Believe it or not, even a homeless person can cherish his/her reputation.

tunofan
tunofan
8 years ago

Saying “it might happen at some point” does not undo the smear on this woman.

tunofan
tunofan
8 years ago

As to the substance – this woman is dead. She can’t defend her character. It is very easy to kick down. Whether it is a claim or an insinuation, it is equally nasty.

tunofan
tunofan
8 years ago

Apparently you can’t read, Mish. I did not attribute the claim to you.

Mish
Mish
8 years ago

Apparently, you cannot read. I did not “claim” the woman was trying to get killed. In fact, I said it was unlikely. But a reader responded with a real example. It is possible. If not her, someone else will.

MntGoat
MntGoat
8 years ago

The other thing I don’t understand is the hype around a SD car that still needs a “safety driver”. If a driver sits there all day for hours and months having to watch to see if the SD car F’s up, what is the use? Unless its a bridge period of safety drivers to improve the tech to get to fully autonomous. Can someone really sit there and pay attention possibly for months on end waiting the rare screw up that may happen and then have to react in a split second and take control if there is a software bug and the car runs a crosswalk or stop sign?

MntGoat
MntGoat
8 years ago

My issue is some peoples quick time lines for when they think fully autonomous cars will be ubiquitous. I think it will happen, it will just longer then some people think. Brand new light rail trail systems still have drivers despite being infinitely less complex in that they travel on a fixed track, vs. a robot vehicle that has to navigate the complex cities of the world. It’s a lot easier to say create a robot software system to beat a human at chess or jeopardy because there is a fixed set of rules. Driving around cities has an infinite number of unique events that could occur that a fully autonomous car will have to react to. And lots of regulatory changes will have to take place. and major changes to street and city infrastructure. And more stuff will go wrong and more people will get killed. Also, these systems have to be designed so they can’t be hijacked & modified by hackers for terrorist and nefarious uses.

pi314
pi314
8 years ago

Accidents like this happen all the time on freeways. If the speed limit is 45mph, it is almost like a freeway.

tunofan
tunofan
8 years ago

The above was posted on Zero Hedge; I think it is exactly right. A human drive would be on the look out for mentally ill and otherwise incapacitated people; I am when I drive.

tunofan
tunofan
8 years ago

A human driver has seen hundreds of bag-ladies and would have recognized this one a block away.

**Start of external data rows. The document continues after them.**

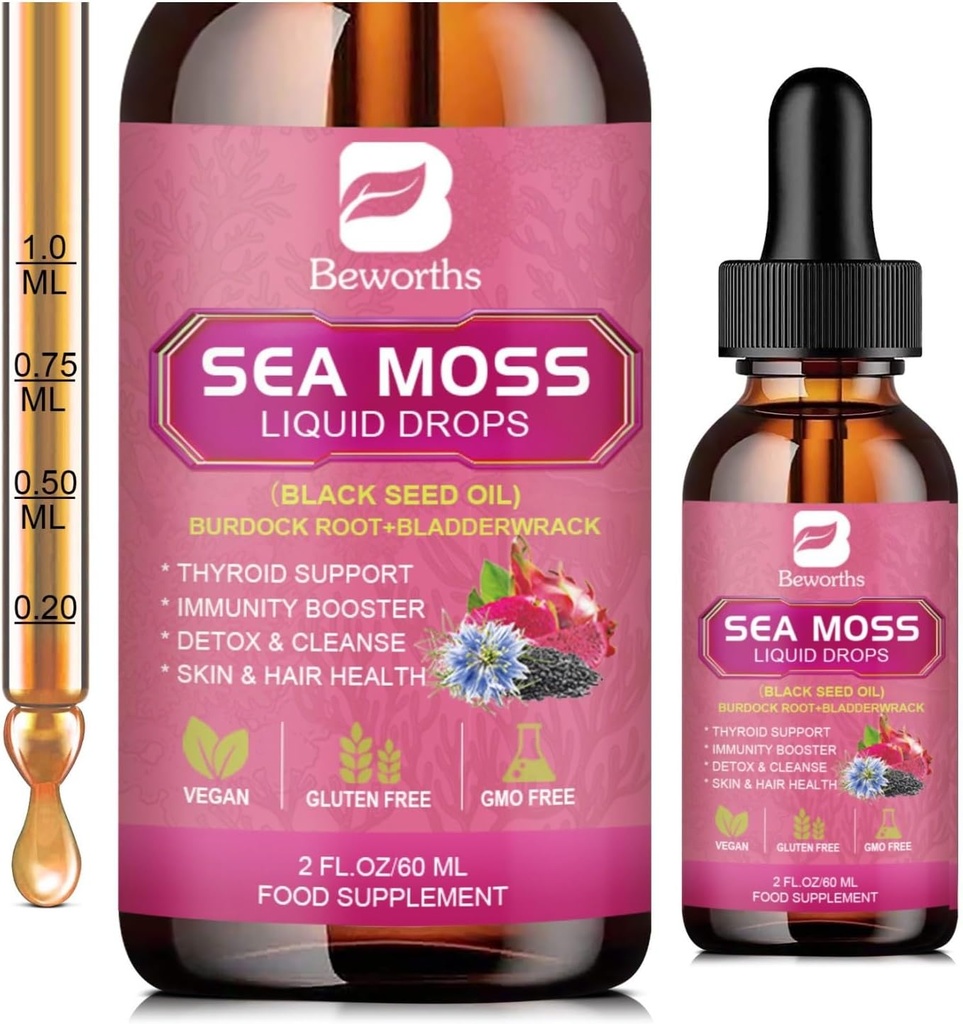 B BEWRTHS Sea Moss Liquid Drops - Black Seed Oil & Irish Sea Moss Gel με Burdock Root Bladderwrack, Elderberry, 6X Stronger Qrganic Seamoss Raw Supplement for Digestive, Hair Health - Vegan, 2 Fl.oz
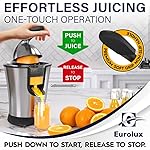 Eurolux Premium Electric Orange Juicer | Stainless Steel Citrus Squeezer With New Ultra-Powerful Motor and Soft Grip Handle for Effortless Juicing, Auto Shutoff, Dishwasher-safe Parts, Pulp Control - Image 3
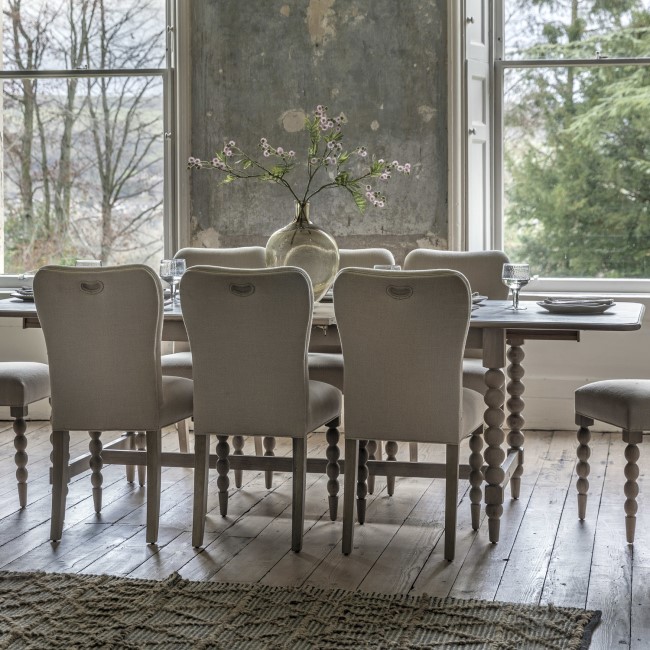 Large Oak Extendable Dining Table with Bobbin Detail seats 8 - Artisan - Caspian House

A human driver knows that bag-ladies act squirrely and sometimes dart out into traffic.

A human driver would have changed lanes away from the bag-lady, or slowed down in anticipation of squirrelly bag-lady style movements.

Those of you who drive through downtown/inner-city neighborhoods know what I’m talking about. The bag-lady shouldn’t have darted into traffic, but human drivers know this is a common occurrence, and anticipate it.

tunofan
tunofan
8 years ago

It is disgusting to claim that this poor woman was trying to get killed. It is right up there with blaming rape victims. It was a terrible place to cross; it is very hard being homeless; I have a friend who is homeless in Silicon Valley. Homeless people are often tired and disoriented. If self-driving cars can’t take that reality into account as well as regular drivers do, then they don’t belong on the road. I have never read something so vile on this site as this claim that some poor soul trying to get across a freeway with her worldly possessions was trying to thereby cause her own death.

Ambrose_Bierce
Ambrose_Bierce
8 years ago

When a CHP officer his wife two kids and brother in law were killed in a runaway Lexus, the family came in from out of town and settled for 10M. Four fairly young people, they project out what you are worth by how much you will earn. A lot depends on whether there is any immediate family left and how aggressive they are in court. Similar cases often settle for more, but if everyone is killed, or no one really cares, then the corporation lawyers do try to save the company some money.

El_Ted0
El_Ted0
8 years ago

It’s behind a pay wall at Barrons.com, but Adam Jonas and Brian Nowak – Morgan Stanley analysts – state that the “stock market is likely too aggressive on the pace of adoption” of autonomous vehicles and that ‘just 1% of “miles traveled” will be in a “fully autonomous,” fashion … by the year 2030.’ I think the truth is somewhere between these two and Mish’s bullish predictions.

Ambrose_Bierce
Ambrose_Bierce
8 years ago

Police reports on accidents between bicycles and cars in California aren’t worth spit. They get thrown out of court anyway. If you drive you better own a dashcam, if you walk own a head cam.

Ambrose_Bierce
Ambrose_Bierce
8 years ago

The pertinent issues was she homeless, bicycle with bags crossing in the middle of the street? Walking a bicycle across seven lanes, whew. However the crosswalk is not any better, the lights turn when you are halfway across and then you are in no mans land. Lawsuits are based on financial damages, if you have no job, and no prospect of getting a job, then you are worth zero. The fact that the car didn’t even make a stopping effort suggests the anti collision program isn’t working. Trouble can come from any direction.

abend237-04
abend237-04
8 years ago

I agree. This looks dangerous as hell to me, assuming humans are going to be in the area.

Mish
Mish
8 years ago

AWC – I added your comment to the article

Brother
Brother
8 years ago

The problem is when you get to court and you are suing a billion dollar multinational corporation. This will change litigation for sure. The plaintiff vs.a machine.

abend237-04
abend237-04
8 years ago

Occam’s Razor speculation: The poor lady was walking her bike while carrying groceries and in the semi-darkness stepped a few inches too close to the curb, while waiting for a chance to cross, and tumbling into the path of the vehicle before she…or the microprocessor(s) had a clue. I’d like to see the video and a time-stamped dump. My bet is they’ll show the computer braking violently, but out of time. If your head is hit by an object traveling 25 mph, you’re just as dead as if the object were going 45.

Stuki
Stuki
8 years ago

What kind of headlights do these cars have? Pure braking distance of a car from 38mph to a dead stop, is about 70 feet. From 38 to a speed low enough to be unlikely to kill anyone, shorter than that.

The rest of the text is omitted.